Escape characters, printf, bash script

I need control-u in this script, no online solution works. Control-U deletes to beginning of line. Need help, thanks.

http://www.tldp.org/LDP/abs/html/special-chars.html

#!/bin/bash
#: Title       : scanvirus_test

control_c()
# run if user hits control-c
{
printf 'Exiting...
'
scanvirus_trap_flag='true'
}

#trap keyboard interrupt (control-c)
scanvirus_trap_flag='false'   
trap control_c 2

# set the Internal Field Separator
IFS='/'

#read output of 'clamscan -r' info command_output var array
while read -ra command_output; do

     #control-u doesn't work
     printf "%s %s %s %s %s^U" ${command_output[0]} ${command_output[1]} ${command_output[2]} ${command_output[3]}  ${command_output[4]} 

     #if control-c pressed exit loop
     if  "$scanvirus_trap_flag" = 'true' ]; then
             break
     fi

done < <(clamscan -r)

#remove change to IFS
unset IFS

Hi
Perhaps look at the signal it creates eg ctrl-c is SIGINT or change to ctrl-\ (rather than ctrl-u) which is SIGQUIT?
http://tldp.org/LDP/Bash-Beginners-Guide/html/chap_12.html

I need the escape character inside a string, create the control-u after the string is printed. I think it’s in this format. Control-U is ‘NAK’ in the ASCII table.

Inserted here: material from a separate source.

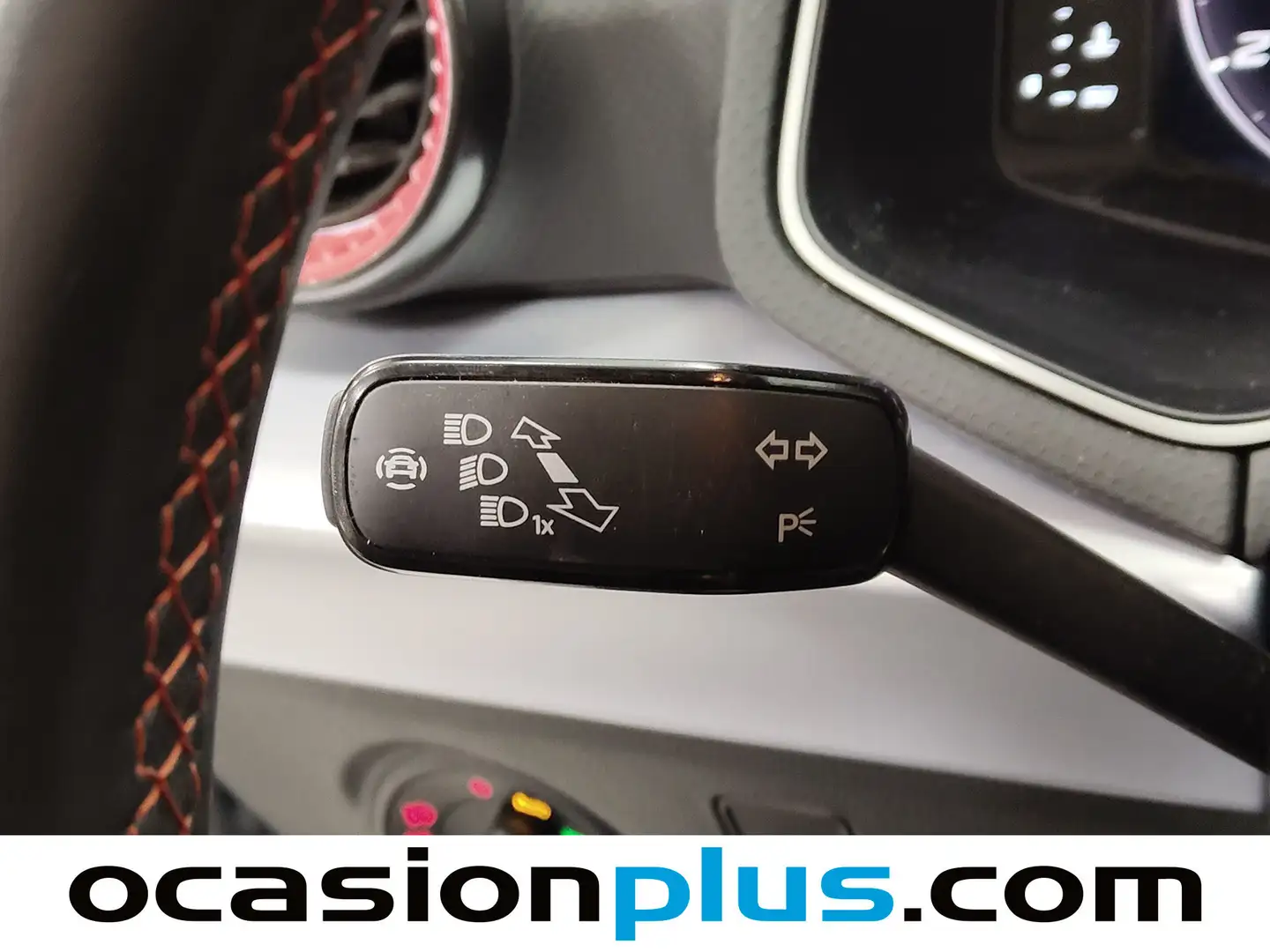 Foto Seat Arona SEAT Arona 1.5 TSI FR XL DSG  (150 CV)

‘\x21’ or ‘\21’ I think to put that into a string with the correct number.

printf “%s %s %s %s %s\21” ${command_output[0]} ${command_output[1]} ${command_output[2]} ${command_output[3]} ${command_output[4]}

If open a terminal window, enter a line and press control-u.

> scanvirus -w <press control-u>

That line is deleted.

When I try various methods using any control character, I only get a new line.

http://man7.org/linux/man-pages/man7/ascii.7.html

printf "%s %s %s %s %s^U" ${command_output[0]} ${command_output[1]} ${command_output[2]} ${command_output[3]}  ${command_output[4]}  
printf "this is a line1...\x15"
printf "this is a line1...\21"

^U = plain text ‘^U’
x15= new line
21 = new line

I’m getting nowhere. It looks you can’t use control-u in strings or any other control characters, only ’
’ ??

On Wed 16 Dec 2015 10:16:02 PM CST, lord valarian wrote:

If open a terminal window, enter a line and press control-u.

> scanvirus -w <press control-u>

That line is deleted.

When I try various methods using any control character, I only get a new
line.

ascii(7) - Linux manual page

Code:

printf “%s %s %s %s %s^U” ${command_output[0]} ${command_output[1]}
${command_output[2]} ${command_output[3]} ${command_output[4]} printf
“this is a line1…\x15” printf “this is a line1…\21”


^U = plain text ‘^U’
x15= new line
21 = new line

I’m getting nowhere. It looks you can’t use control-u in strings or any
other control characters, only ’
’ ??

Hi
It’s actually cutting/deleting the line to the clipboard, a built in
function;
http://ss64.com/bash/syntax-keyboard.html


Cheers Malcolm °¿° LFCS, SUSE Knowledge Partner (Linux Counter #276890)
SUSE Linux Enterprise Desktop 12 | GNOME 3.10.1 | 3.12.51-52.31-default
If you find this post helpful and are logged into the web interface,
please show your appreciation and click on the star below… Thanks!

It’s a function built into the terminal, but not bash strings? So, I have do a backspace string length while loop to erase the line.

x=0
while (x != stringlength(line))
do
x=x+1
print backspace
end

I read this thread earlier, but did not understand what you were talking about.

When I do understand it now correcly, you are mixing two things:

  • typing in the terminal and how the terminal handler reacts to different key (combinations);
  • sending output from a program to a terminal, specialy to an VT100/ANSI terminal (and most terminal emulators) that act to special character combinations (most of those that are called “Esc sequences”)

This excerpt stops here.